▸ **REQUIRED WORK**
Verbatim transcription with images omitted: return the entries below in full.
** PROVIDED RECORDS follows **
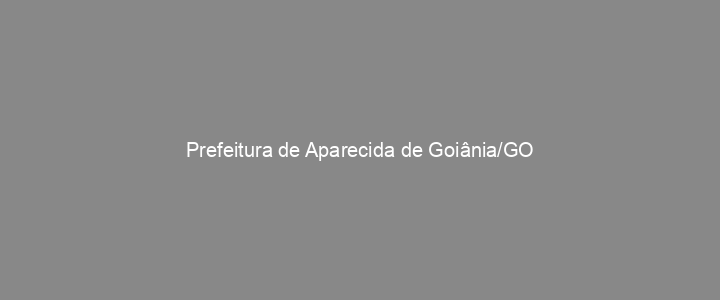 Provas Anteriores Prefeitura de Aparecida de Goiânia/GO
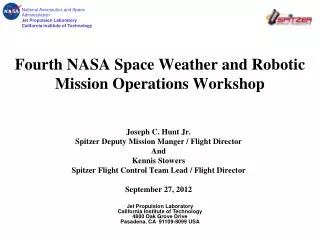 Fourth NASA Space Weather and Robotic Mission Operations Workshop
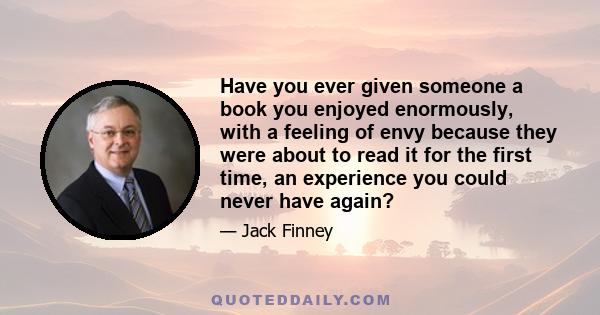 Have you ever given someone a book you enjoyed enormously, with a feeling of envy because they were about to read it for the first time, an experience you could never have again?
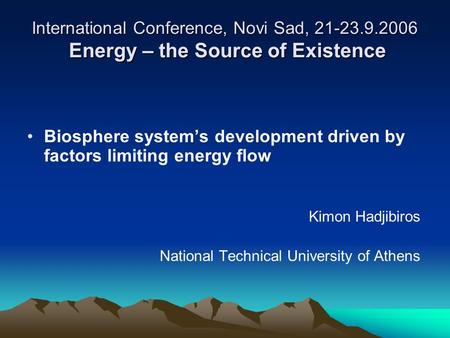 International Conference, Novi Sad, 21-23.9.2006 Energy – the Source of Existence Biosphere system’s development driven by factors limiting energy flow.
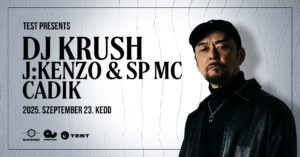 TEST pres. DJ Krush – J:Kenzo & SP MC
** End of PROVIDED RECORDS **
▸ **SOLUTION TO THIS PROBLEM**
 Provas Anteriores Prefeitura de Aparecida de Goiânia/GO
 Fourth NASA Space Weather and Robotic Mission Operations Workshop
 Have you ever given someone a book you enjoyed enormously, with a feeling of envy because they were about to read it for the first time, an experience you could never have again?
 International Conference, Novi Sad, 21-23.9.2006 Energy – the Source of Existence Biosphere system’s development driven by factors limiting energy flow.
 TEST pres. DJ Krush – J:Kenzo & SP MC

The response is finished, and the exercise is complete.